The book picks up immediately where Freedom Fire leaves off, with Magdalys finally reunited with her brother Montez but surrounded by Confederate troops in Atchafalaya swamp. As Magdalys and Montez – along with the other troops in Montez’s all-Black regiment and fellow orphan Mapper – wiggle their way out of danger, they discover a new threat to the Union cause.

In Mexico, allies of the Confederacy are closing in on the troops of the democratically elected government led by Benito Juárez. If they succeed, the Union will face a war on two fronts, making their chances of victory very slim. Only Magdalys can prevent the decimation of Juárez’s troops, but only if she can get there in time, and only if she can learn to fully control her abilities.

Like the two previous books in the series, Thunder Run is action-packed and fast-paced from the very beginning, sure to keep young readers on the edge of their seats. But it’s not the action that keeps me coming back to these books time and time again. It’s everything else that Older achieves through and alongside that action that makes this series such a remarkable achievement. For one, this short novel contains a more nuanced and informative account of the Civil War than I received in school, for all that it prominently features dinosaurs. Older makes the major tactical movements of the Civil War, and their stakes, digestible for young readers (and even older readers like me) without ever relying on digression. Honestly, I learned a lot.

Older also intervenes in popular narratives of the Civil War by refusing to valorize all members of the Union army just because they are on the “right” side of the war (another nuance missing from my own grade-school education about the Civil War). Magdalys and her friends recognize that their work for the Union is vital because it is the most expedient route to freedom, not because white Northerners are free from racist attitudes. This is also Magdalys’s “Dagobah” moment, when she begins to grapple with how to most effectively develop and use her abilities. She learns that anger, be it ever so justified, can sustain your power for only so long without the fuel of love and compassion, a powerful model for young readers, especially Black children, in learning how to find the strength to persevere in their own fights for justice.

”It was love that would see her through, right till the end, till right now. Love would be the unstoppable spark, lighting her sorrow and rage together.” 
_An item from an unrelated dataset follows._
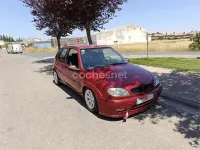 Usado Citroën Saxo 90 CV (66 kW) 2000 Rojo Utilitario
I have always thought these books were something special, and our present moment only underscores how desperately we need them. In one moment, Juárez tells Magdalys, “You don’t have to apologize for the terrible things that cruel men have taught you to believe. You just have to learn when the real world shows you to be lies, that’s all.” That’s a lesson a lot of people on my timeline, especially white people, still need to learn.

If you ever believed that books can help change the world but are having a hard time remembering it now, I suggest picking up this series immediately.

A copy of this book was provided by the publisher, Scholastic, for review.